Notes on Transportation Inequalities

Here are some notes from back when I was trying to really learn about transport inequalities for the first time. Most of the following is distilled from and . Before getting on, I’ll say that since then there have been a number of times where I was working hard on a problem, only to realize that what I was ``really doing’’ the whole time was establishing a transport inequality. I mention this because (in my opinion), transport inequalities seem opaque and technical when you first come across them, made all the more mysterious by the fact that a lot of the most celebrated results in the field are about establishing them.

So if you are like me and are not particularly motivated by a bunch of statements like “LSI==> T2 ==> T1”, rest assured that these things become unexpectedly handy, unexpectedly often.

Introduction

Definition 1: (Transport Inequality) Let $\mathcal{X}$ be a Polish space equipped with a cost function $c:\mathcal{X}^2\rightarrow \mathbb{R}$ with $c(x,x)=0$ for all $x\in \mathcal{X}$. Consider a function $J(-\mid-):\mathcal{P}(\mathcal{X})^2\rightarrow [0,\infty]$ and $\alpha:[0,\infty)\rightarrow [0,\infty)$ an increasing function so that $\alpha(0)=0.$ Then $\mu\in \mathcal{P}(\mathcal{X})$ satisfies the transport inequality $\alpha(\mathcal{T}_c)\leq J$ if:

\[\alpha(\mathcal{T}_c(\nu,\mu))\leq J(\nu\mid\mu), \forall \nu\in\mathcal{P}(\mathcal{X})\]

We will primarily concerned with the following family of examples:

Definition 2: (Transport-Entropy Inequality) Let $(\mathcal{X},d)$ be a metric space and let $C>0$. We say that $\mu$ satisfies the inequality $T_p(C)$ if:

\[W^2_p(\mu,\nu)\leq CH(\nu\mid\mu)\]

where $W_p$ is the $p$-Wasserstein distance and $H$ is the relative entropy.

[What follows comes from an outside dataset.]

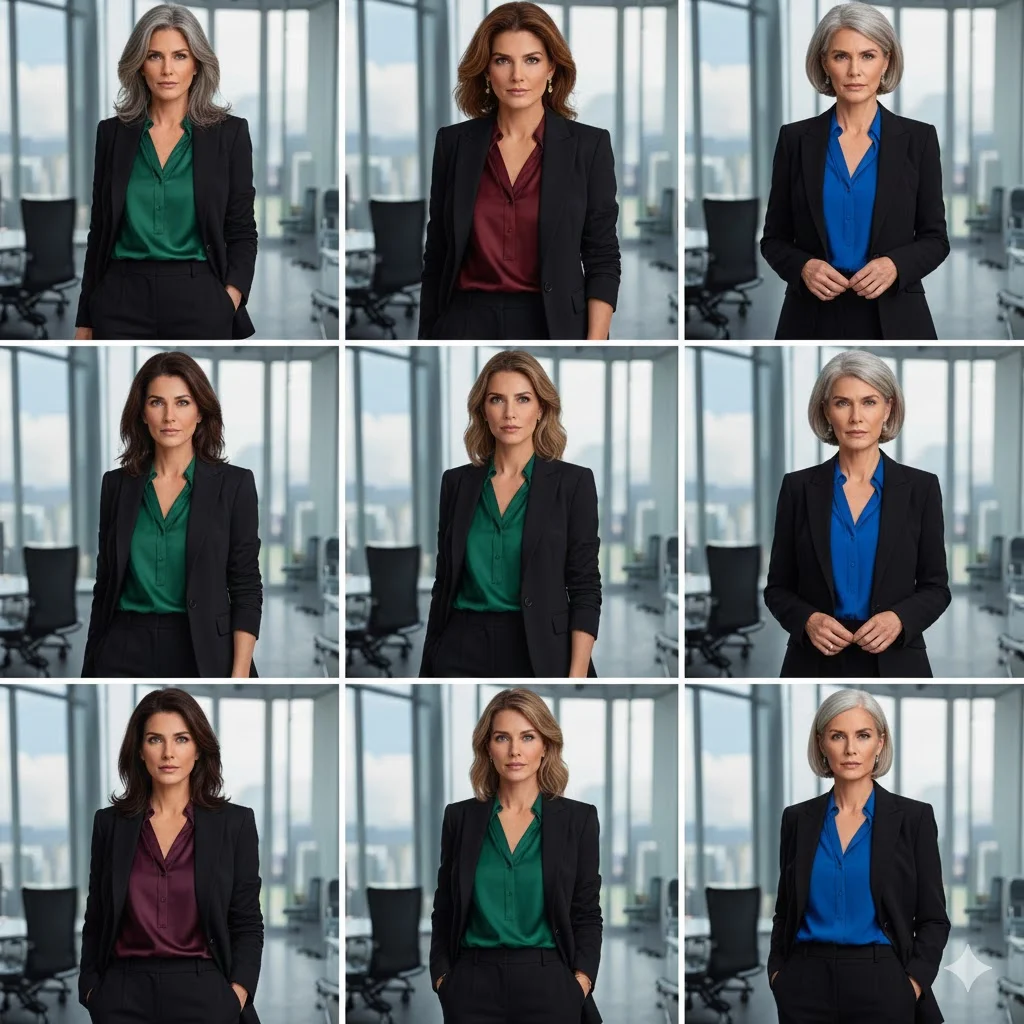 Work Outfits for Women Over 40: Jewel-Tone Blouse + Black Blazer + Black Trousers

We will typically take $p=1,2$. When $p=1$, this is Definition 1 with $\alpha(x)=\frac{1}{C}x^2$. When $p=2$, this is Definition 1 with $\alpha(x)=\frac{1}{C}x$. Observe by Jensen’s inequality, $T_1(C)$ is always weaker than $T_2(C).$ A basic example is the following:

Theorem 1: (Pinsker’s Inequality ) Let $\mu,\nu \in \mathcal{P}(\mathcal{X})$, and let $d_H$ denote the Hamming distance. Then:

\[\mathcal{T}^2_{d_H}(\mu,\nu)=\|\mu-\nu\|^2_{TV}\leq \frac{1}{2}H(\nu\mid\mu)\]

where $|.|_{TV}$ denotes the total-variation distance.

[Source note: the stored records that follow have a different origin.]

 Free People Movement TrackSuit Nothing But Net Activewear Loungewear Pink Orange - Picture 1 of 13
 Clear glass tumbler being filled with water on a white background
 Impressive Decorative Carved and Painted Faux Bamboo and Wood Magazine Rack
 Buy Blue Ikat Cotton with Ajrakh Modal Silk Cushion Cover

A particularly famous one was proven by Talagrand:

Theorem 2: ($T_2$ for the Standard Gaussian) The standard Gaussian measure $\gamma$ on $\mathbb{R}^d$ satisfies $T_2(2)$, and this constant is sharp. \end{mytheo}

Before proving Theorem 2, we mention some applications:

Applications of transportation inequalities:

  1. If $\mu$ satisfies a transportation inequality, it is concentrated w.r.t. that cost function. $T_2$ is particularly useful in that it ‘‘tensorizes’’, allowing one to establish dimension independent concentration for $\mu^{\otimes n}$.
  2. Transportation inequalities can allow one to prove other functional inequalities of interest.
  3. Connections to positive curvature lower bounds

We will see an example of $T_2$ implying tensorization later. First, we will elaborate on the connection to concentration, via a proof attributed to Katalin Marton:

Theorem 3 (Marton’s argument) Let $\alpha: \mathbb{R}^+\rightarrow \mathbb{R}^+$ be bijective, and suppose that $\mu\in \mathcal{P}(\mathcal{X})$ satisfies $\alpha(\mathcal{T}_{d^p})\leq H$ for $p\geq 1$. Then for all measurable $A\subset \mathcal{X}$ with $\mu(A)\geq \frac{1}{2}$, the following concentration inequality holds:

\[\mu(\{x\in \mathcal{X}\mid d(x,A)\leq r\}) \geq 1-e^{-\alpha(r-r_0)},\]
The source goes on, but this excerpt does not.